This ODU-Butler game is a good one.


----------



## HKF (Dec 10, 2002)

These teams have competed so hard.


----------



## GNG (Aug 17, 2002)

ODU reminds me of the Memphis Grizzlies. It wouldn't surprise me if they shot 21 percent as a team from three-point range.


----------



## Sir Patchwork (Jan 12, 2005)

Wowzers.


----------



## HKF (Dec 10, 2002)

Butler wins at the Buzzer.


----------



## Diable (Apr 26, 2005)

I guess Howard got that off, but it was really close


----------



## GNG (Aug 17, 2002)

That was awesome...


----------



## Sir Patchwork (Jan 12, 2005)

There goes my bracket.


----------



## HKF (Dec 10, 2002)

The Butler Bulldogs beat ODU. I guess Cousin Sal lost his buzzer beater prediction in the first two hours of the tournament.


----------



## roux (Jun 20, 2006)

Sir Patchwork said:


> There goes my bracket.


had ODU going pretty far eh? :krazy:


----------



## Lynx (Mar 6, 2004)

ODU lost the game at the boards. Good game though, 2 for 2 in my bracket


----------



## Sir Patchwork (Jan 12, 2005)

roux2dope said:


> had ODU going pretty far eh? :krazy:


Nah, had them losing to Pitt, but I didn't want to lose a game this early. Can't really be too upset though, I don't even follow college hoops.


----------



## croco (Feb 14, 2005)

You don't want to be in a close game with Butler, they just won't beat themselves. The legend of Brad Stevens continues to grow.


----------



## GNG (Aug 17, 2002)

Sir Patchwork said:


> Nah, had them losing to Pitt, but I didn't want to lose a game this early. Can't really be too upset though, I don't even follow college hoops.
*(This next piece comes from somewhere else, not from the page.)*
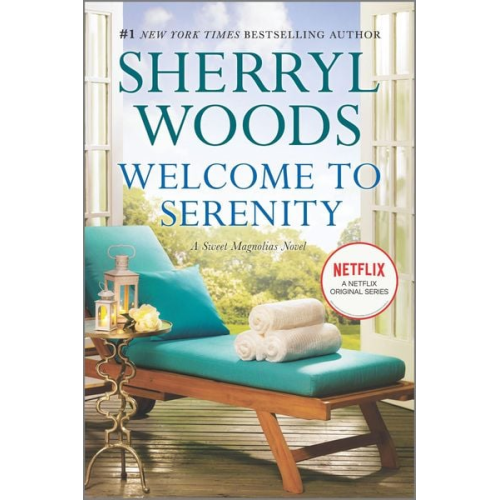 Sherryl Woods - Welcome to Serenity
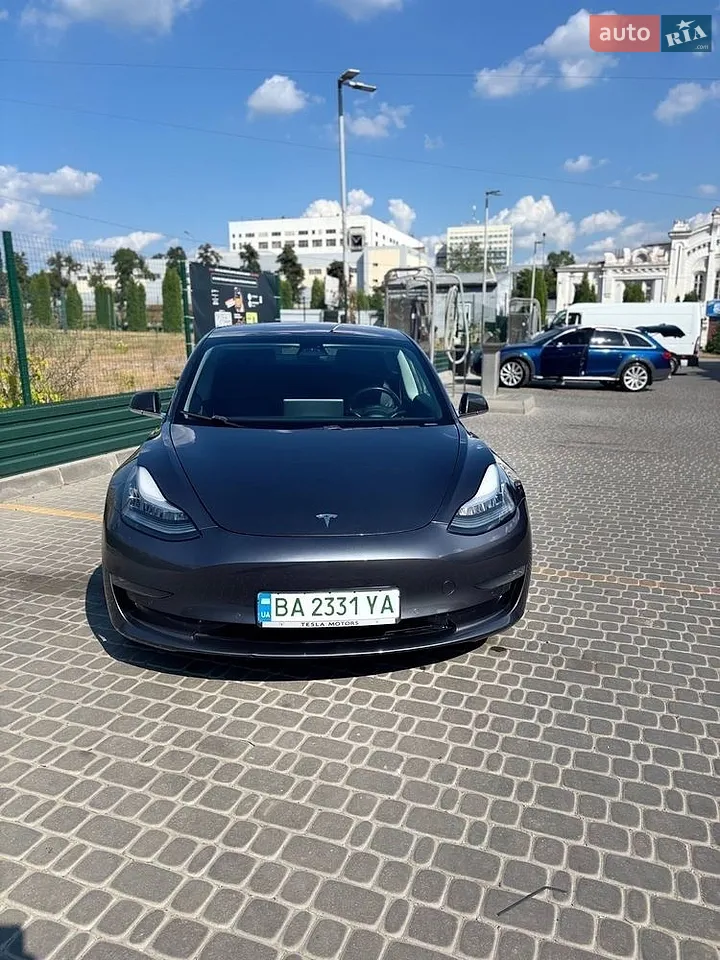 2019 Tesla Model 3 - мініатюра 19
I filled out two brackets (I know, I know...) and had ODU beating Pitt in the second round.

Number of seconds I watched ODU this season: 0


----------



## HKF (Dec 10, 2002)

I had Butler. I watched them beat the crap out of UW-Milwaukee in Milwaukee for the Horizon League, I knew they could beat ODU in D.C. Heck Butler beat them back in '07 in the tournament.


----------



## Lynx (Mar 6, 2004)

HKF said:


> I had Butler. I watched them beat the crap out of UW-Milwaukee in Milwaukee for the Horizon League, I knew they could beat ODU in D.C. Heck Butler beat them back in '07 in the tournament.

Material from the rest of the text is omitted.